In uncomplicated pregnancies, it was determined that the median afamin concentration, which was approximately 61.9 mg/L in the first trimester, increased to 98.6 mg/L in the third trimester and decreased to 54.6 mg/L after delivery [Citation10]. To evaluate the source of the linear increase in maternal serum afamin concentration in uncomplicated pregnancies, afamin expression in the placenta was investigated but afamin expression could not be demonstrated in both the first trimester and term placenta [Citation10]. Although the reason for the increase in maternal serum afamin concentration during pregnancy has not been clearly revealed, it is thought that the change in the hormonal status of the expectant mother stimulates the expression of the afamin gene in the liver. This increase may also be thought of as an effect of hormonal regulation (estrogen-induced) of hepatic synthesis of lipids and lipoproteins, which leads to physiological hyperlipidemia during pregnancy [Citation12].
Some studies in the literature have shown that serum afamin is strongly associated with metabolic syndrome parameters such as high BMI, glucose intolerance, dyslipidemia, and hypertension [Citation13]. In light of this information, researchers began to investigate the relationship between afamin and pregnancy-related diseases. Köninger et al. compared the first-trimester maternal serum afamin concentration in the group that developed preeclampsia (PE) during pregnancy and in normal healthy pregnant women. The median serum afamin concentration in the first trimester was found to be significantly higher in the group that developed PE compared to the control group (101.81 mg/L, 86.40 mg/L, respectively) [Citation14]. In a different study, second-trimester maternal serum afamin concentration was evaluated in the prediction of PE. Second-trimester median maternal serum afamin concentration was found to be significantly higher in the group that developed PE in late pregnancy compared to the control group (145.3 ng/mL, 46.9 ng/mL, respectively) [Citation15].
In a different study, Tramontana et al. investigated the relationship between first trimester maternal serum afamin concentrations and pregnancy-related complications. While first-trimester maternal serum afamin concentration was found to be significantly higher in women whose pregnancy was complicated with PE and gestational diabetes mellitus (GDM), compared to the healthy controls, afamin concentration was found to be similar in the group with IUGR or preterm delivery compared to healthy controls [Citation16]. In contrast to this study, we found that serum afamin concentration was significantly higher in the third trimester in the late FGR group compared to healthy controls. Although the maternal serum afamin concentration in the first trimester did not show a significant difference between the IUGR and control groups in the above-mentioned study, we think that the high afamin concentrations, which already increased as the gestational week progressed, reached a significant difference between the late FGR and control groups in the third trimester in our study.

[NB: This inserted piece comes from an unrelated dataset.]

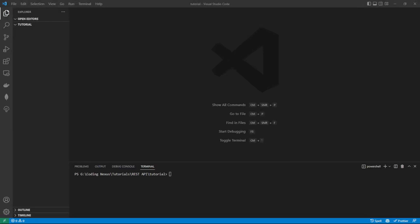In this video, I'm going to show you how to build a simple REST API with Node.js and Express. First thing we want to do is initialize a new Node.js project. To do this, we run npm init.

Researchers also investigated the relationship between afamin and GDM. Köninger et al. evaluated the utility of afamin as an early marker in predicting GDM. In this study, both first and second-trimester maternal serum afamin concentrations were found to be significantly higher in patients with pathological OGTT results compared to patients without GDM [Citation17]. Similarly, in another study published in 2021, first-trimester maternal serum afamin concentration was found to be higher in patients who developed GDM during pregnancy compared to the group that did not develop GDM [Citation18]. In a study conducted by Wnag et al. in 2021, they developed a formulation that can be used to predict GDM in early pregnancy by using maternal serum afamin, maternal age, triglyceride, and platelet/lymphocyte ratio [Citation19].
In a different study, Atakul et al. found that the serum afamin concentrations of pregnant women with GDM were higher than those without GDM, in line with other studies reported in the literature. Interestingly, the authors determined that serum afamin concentrations in pregnant women with LGA fetuses in the GDM group were significantly higher than those in the GDM group with AGA fetuses. As a result, they stated that afamin is associated with fetal growth independent of glycemic control and can be used to predict LGA fetuses in pregnant women with GDM [Citation11].
At the beginning of our study, we hypothesized that the maternal serum afamin concentration in the group with late FGR would be lower than in the control and SGA groups. However, on the contrary, we found the highest maternal serum afamin concentration in the late FGR group.
Interestingly, the fact that afamin was detected to be high in maternal serum in both pregnant women with LGA fetuses in GDM and pregnant women diagnosed with late FGR makes the relationship between afamin and intrauterine fetal growth worth investigating.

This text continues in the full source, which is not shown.